Keywords: refraction; keratometry; prerefractionmature infants; term infants
Full term infants are usually hypermetropic,1–3 whereas premature babies, with or without previous retinopathy of prematurity (ROP), more often have myopia and astigmatism.4–22 The risk of myopia increases in the presence of ROP, and its magnitude increases with a decrease in the age of prematurity and an increase in severity of the residua of ROP.15–25 The underlying mechanisms of myopia in premature infants are not well understood, and factors that may have a role, alone or in combination, include an increase in corneal curvature power,26,27 axial elongation,28–30 or decrease in anterior chamber depth, and higher refractive power of the lens.15
The majority of longitudinal and cross sectional studies conducted so far comparing refractive status and keratometric values between premature and full term babies used samples aged from 3 months after term date31 to 10 years.13 However, to the best of our knowledge, the refractive status and keratometric values of premature babies at 40 weeks’ corrected age have not been addressed to date.
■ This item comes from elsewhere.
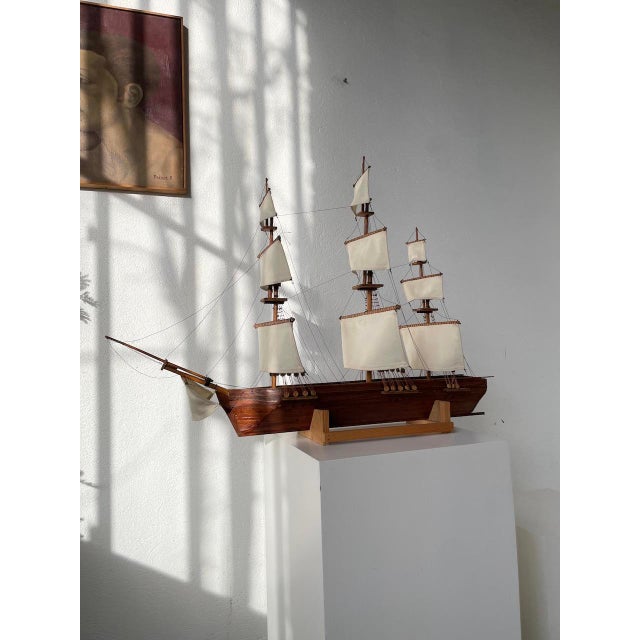 Vintage Model Boat, 1970 For Sale - Image 4 of 18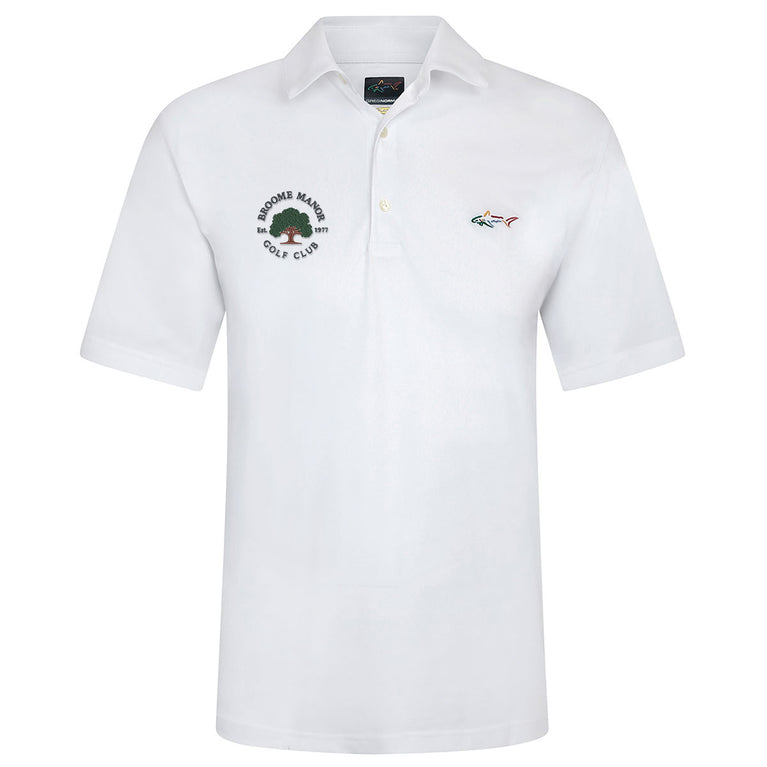 Broome Manor Greg Norman Mens Core Shark Golf Polo Shirt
In the present study refraction and keratometric values of premature babies at 40 weeks’ postconceptional age (PCA) were compared to normal term babies at the same age to determine if there were inborn refractive changes presenting as early as 40 weeks of age. In addition, we evaluated the possible relation of birth weight (BW) and gestational age (GA) in premature infants with their refraction and keratometry findings.
PATIENTS AND METHODS
All consecutive premature infants born at Rabin Medical Center and hospitalised in the neonatal care unit of Schneider Children’s Medical Center of Israel between January and March 2002 underwent first funduscopy examination at 4–5 weeks after delivery. Those with ROP stage 2 or higher with plus disease were excluded from the study. At 40 weeks’ PCA, the fundus was re-examined, and the babies with no ROP or with ROP stage 1 to 2 without plus disease were enrolled in the study. Babies with other ocular abnormalities, developmental delay, neurological anomalies, or any other syndrome were excluded. The 33 healthy eligible preterm babies (66 eyes) were matched for PCA with 33 consecutive healthy babies (66 eyes) born at term within the same period of time and hospitalised in the neonatal unit, who met the same exclusion criteria. The study protocol was approved by the institutional ethics committee and written informed consent was obtained from the parents.
All the babies underwent a single ophthalmic examination at the age of 40 weeks by the same paediatric ophthalmologist (MS). The examination technique and instruments were similar for both the study and control groups and included cycloplegic retinoscopy and funduscopy, after two instillations at a 10 minute interval of cyclopentolate 0.5% and phenylephrine 2.5% drops, and bilateral keratometric measurements (k readings) in the horizontal and vertical meridians with an autokeratometer (Nidek KM500, Japan). The refractive values, including astigmatic power (plus cylinder) and axis, were converted to spherical equivalents, and the keratometric values were expressed as the mean of the flattest and steepest meridian in dioptres (D) in each eye. The funduscopy results of the preterm babies were classified according to the international classification of ROP.32 The mean refraction and keratometry values in each subgroup of babies were calculated and compared. In the premature subgroup, we also examined the correlation between BW and GA with the four ocular parameters of refraction, astigmatism, axis of astigmatism, and keratometric reading.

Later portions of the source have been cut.